Project Size: Small, <$1,000
Estimated Amount to be requested from the CSF: $840

Letter of Intent:

Summary of project proposal:

The societal problems we face transcend sectors and disciplines, and while businesses and organizations are well-positioned to solve them, they need responsible leadership. Unfortunately, the future situations students will find themselves in are ambiguous and difficult; determining what’s best for all stakeholders is challenging. The solution is not simply teaching students about corporate social responsibility (CSR) and sustainability, but it also entails giving them hands-on experiences with creative problem-solving about leading responsibly.

This is why we four students, Ben Weymiller, Emily Menz, Nabilla Gunawan, and Ricky Perry with support from the Global Business Center and Foster’s Certificate of International Studies in Business program (CISB), have formed a planning committee for the Global Leadership Summit on April 24th. Its purpose is to convene a campus-wide dialogue on CSR and sustainability in different sectors, and provide practical creative problem-solving experiences for students. A campus that doesn’t speak to these issues in a sustained and comprehensive way is letting its own students down by not properly preparing them for a present and future that demands, if not depends on, greater social responsibility and sustainability in leadership.

The Summit will focus on responsible leadership in socially-responsible business, public health, cross-sector collaboration, and cultivating change in your future career, all in a global context. Through its workshop and panel format, the Summit will provide a space for UW students, the Seattle community, and other curious learners of the Pacific Northwest to engage with real-world cases and discussions on topics related to leading responsibly and sustainably in the world. The element of leadership we believe most fundamental to enacting change is the willingness to learn from everyone and everything, and help others do the same.

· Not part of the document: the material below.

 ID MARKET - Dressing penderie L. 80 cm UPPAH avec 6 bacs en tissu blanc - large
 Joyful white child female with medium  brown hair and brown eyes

In the end, the mission of our summit is about helping students become hands-on learners in the field of CSR and sustainability so that when they face ambiguous situations or companies with dubious corporate governance, they can act responsibly and teach others to do the same.

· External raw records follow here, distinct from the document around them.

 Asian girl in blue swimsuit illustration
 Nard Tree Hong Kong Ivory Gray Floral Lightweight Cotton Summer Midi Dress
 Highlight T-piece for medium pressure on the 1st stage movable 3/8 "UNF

Briefly explanation of how the project will meet the requirements and preferences of the CSF:

  1. Environmental Impact

This kind of public education can have huge implications for how our students come to act mindfully as future leaders, to unite a more and more ideologically polarized world. Students going into public policy, research, business, and health organizations can catalyze change in their roles that help mitigate and heal our environment. With responsible leaders in our government, corporations, and research institutes, these entities can be more easily enlisted in improving community health, green tech innovation, and ending global hunger. Moreover, students who attend the summit and get involved with environmentally-minded RSOs as a result of mingling at the reception or working together in the workshops will go on to strengthen their RSO’s projects and create a more sustainable campus. 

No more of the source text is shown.